Blog silence has reigned for a couple of weeks while we've been ... up ladders. Not 'a' ladder, you'll notice; no, the plural is deliberate.

We've been (finally, and only two years later than originally scheduled ...) lime washing the walls of the goat-shed-turned-office-now-turned-dining-room. It's - er - five metres high. Hmm. Plans to use the scaffold that The Perfectionist had brought in were quickly scuppered when it had, rather suddenly, to move on to another project. We were left high and dry - or rather, dry but not high. We considered our options. Short of attaching a rope to the central beam and swinging backwards and forwards, or turning the highest wall into a climbing wall, there was only one: another scaffold. The grapevine swung into gear, and within a couple of days we'd borrowed a tower from some friends. Another couple of days (and much swearing, ranting, cursing, foot stomping and crockery smashing) later, it was up.

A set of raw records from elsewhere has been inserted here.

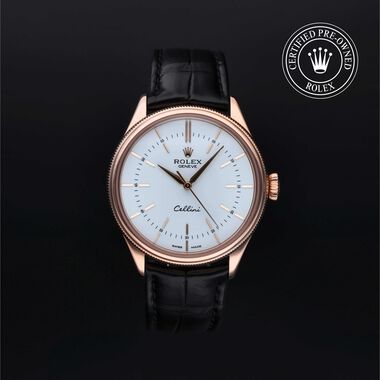 Cellini Time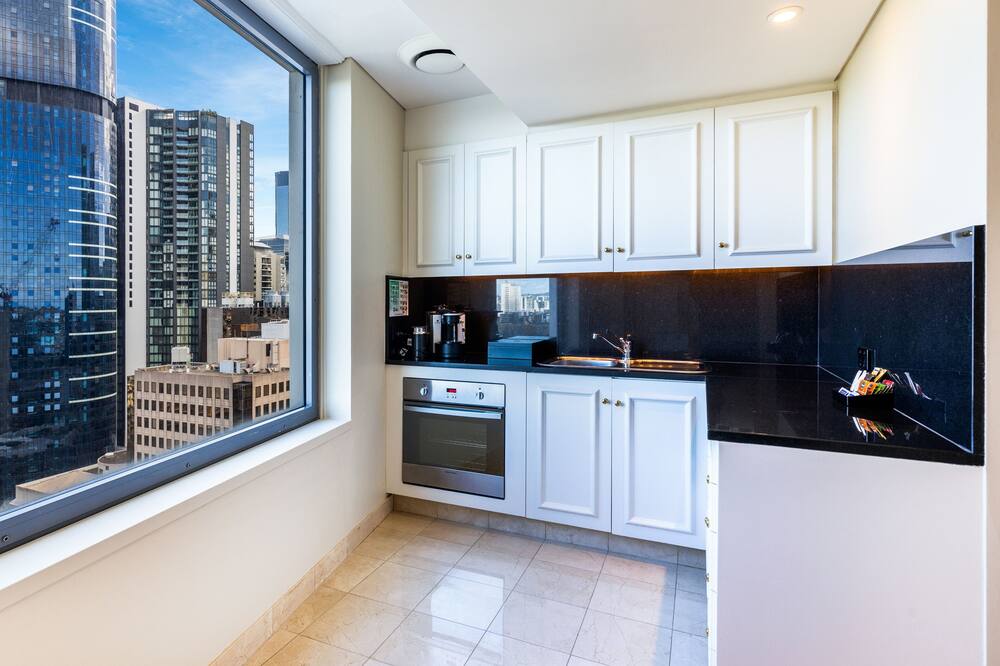 スタンフォード プラザ ブリスベーン ホテル 写真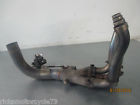 5vy-14610-00-00 Yzfr1 5vy-85820-00-00 04 05 06 Yamaha R1 Yzf-r1 Stock Header Pipe Exhaust Servo Motor Cables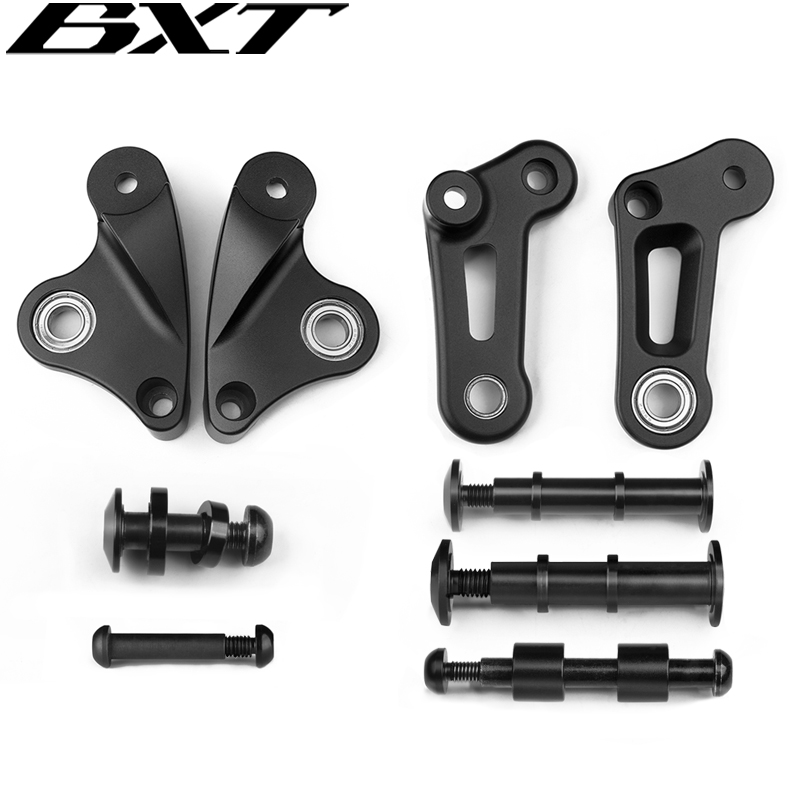 Juego de tornillos de conector - Cycling Gear Parts reseña y precio
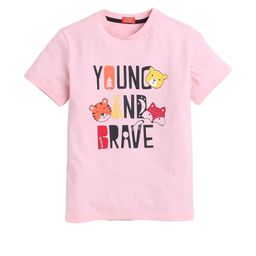 Arvind Garments Kids-Unisex Pure Cotton Tshirts-image-92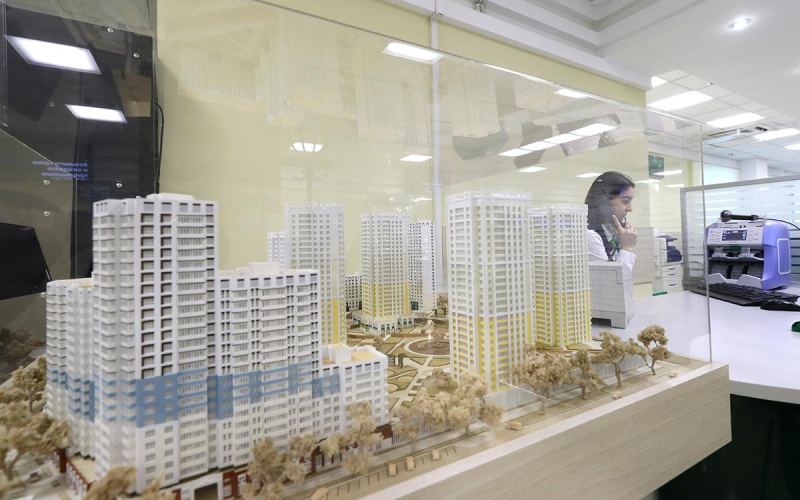 За год спрос на льготную ипотеку вырос на четверть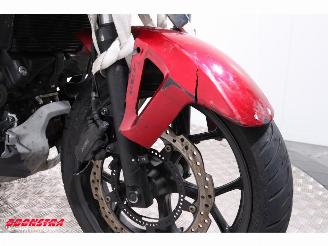 Honda  NC 750X C-ABS DCT 3X Koffer 10.554 km! picture 17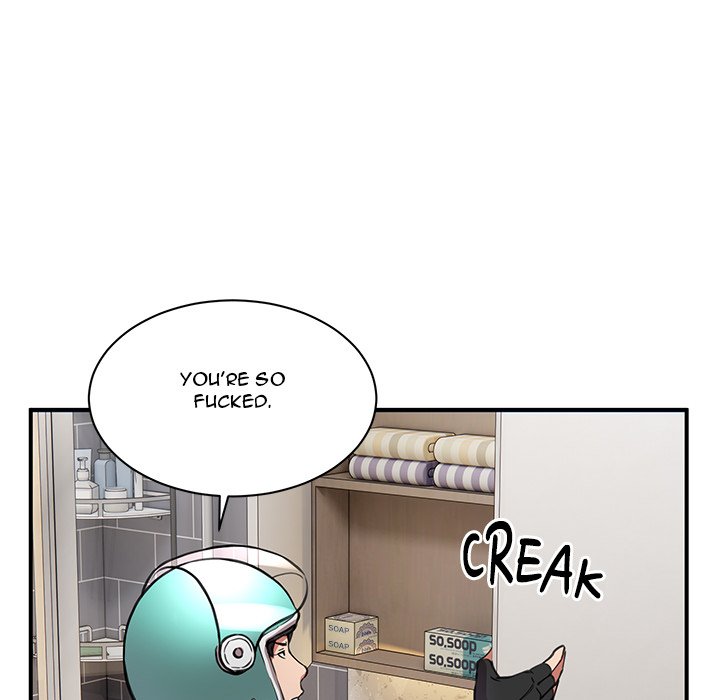 The Delivery Rider - episode 1 - 233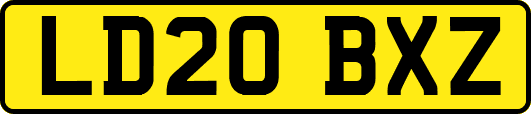 LD20BXZ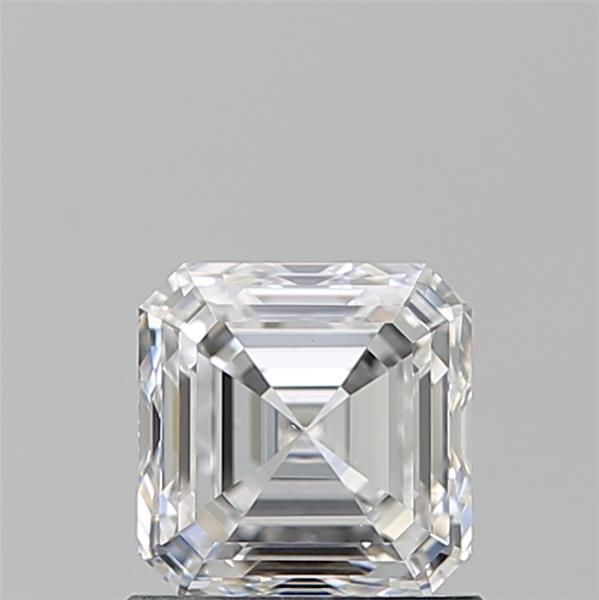 Asscher Diamond image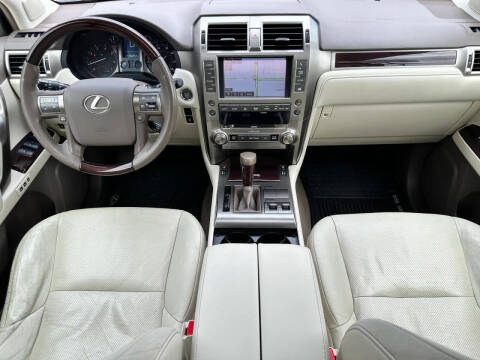 2014 Lexus GX 460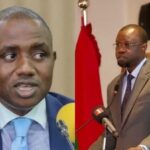 Justice au Sénégal : Yoro Dia recadre Ousmane Sonko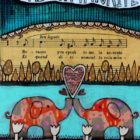 Accents Greeting Card - Image 2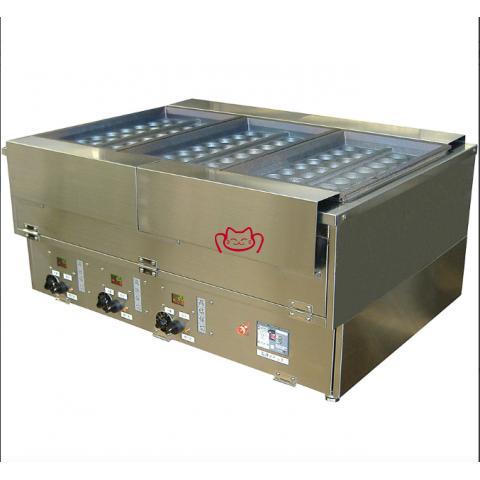 远藤KTK-3电动章鱼烧器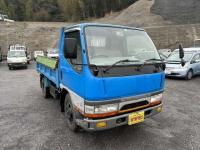 MITSUBISHI CANTER 1986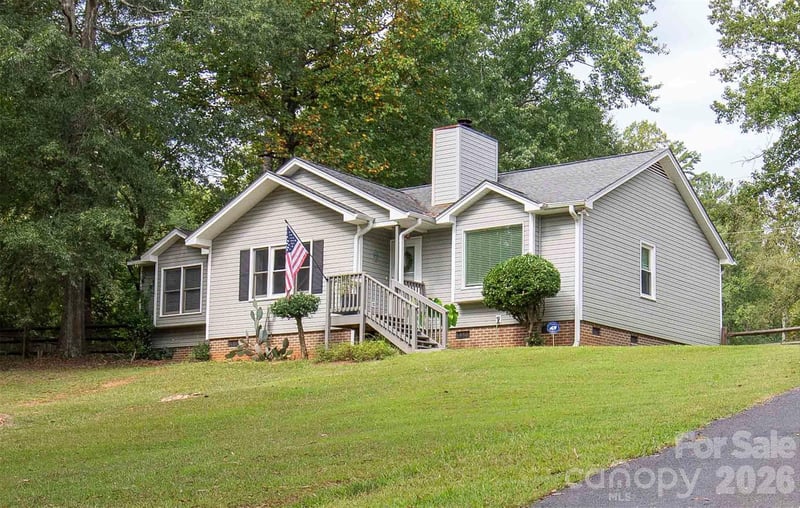 1154 Birchwood Dr, Clover, SC 29710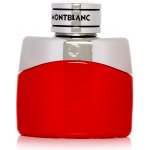 Mont Blanc Legend Red parfémovaná voda pánská 30 ml – Hledejceny.cz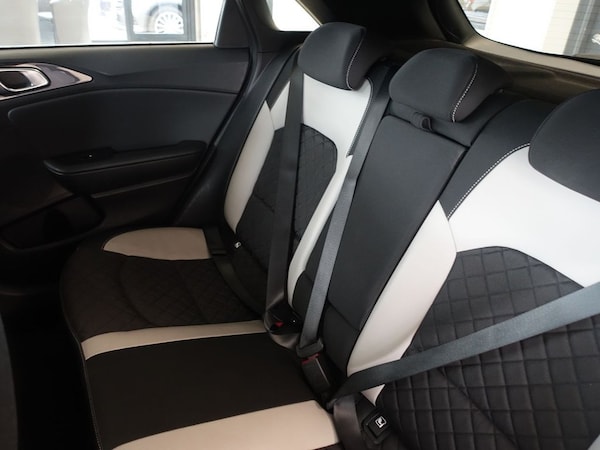 Used Kia Ceed 2021 for sale - 75502938: Photo 18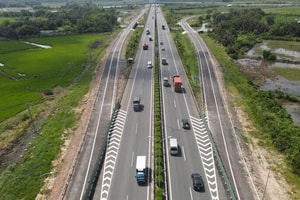Cao tốc 109km Ninh Bình – Hải Phòng sắp được triển khai?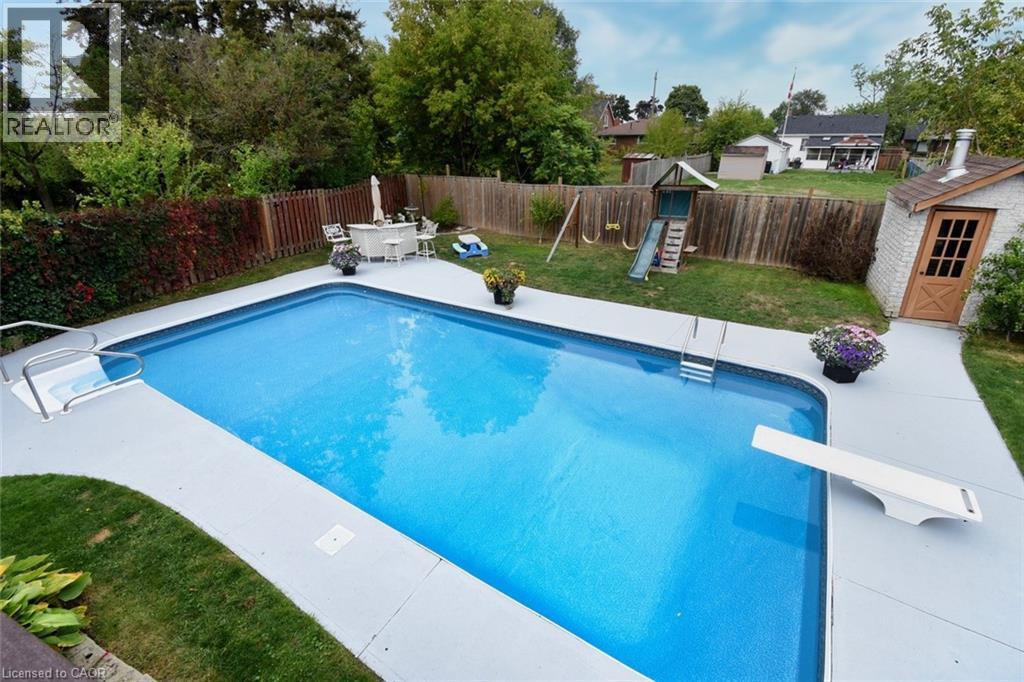 3 Evelyn Street, Brantford, Ontario  N3R 3G8 - Photo 43 - 40773157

The problem is that the dining room is a room of lots of different heights. We've built a mezzanine gallery, which is going to house a library; there's a central beam; and the ceiling slopes down towards the windows at the front of the house, where the height of the wall is only four metres or so. And so we needed not one, but many ladders, which is why for the last fortnight the room has looked like this:


















Six days, seventeen thousand colour tests, and four coats of lime wash later, the room looks like this (don't panic, the orange pine will disappear very soon, as will the white painted walls at the far end ...)














and we've got quite fond of the scaffold (yes, the same one that we spent six hours trying to fit eight bolts into to hold the two platforms ...) and will be sorry to see it go. It's made a long job hugely easier, so a big thanks to the mob at Camping Le Montagnou at Ustou for lending it to us - we owe you one!

All we have to do now is to take it apart. So don't expect to see either of us any time soon ....


PS ... look who dropped in to visit today:































It's a praying mantis. Isn't he lovely?


2 comments:

Unknown said...

What an amazing picture! Is he your building inspector? Do hope he approved the work!

Kalba said...

Thanks for visiting, LW! Yes, he looks a bit disapproving, don't you think? He wasn't terribly communicative, though, and just flew off without a word. (Which probably means that he WAS the building inspector ...).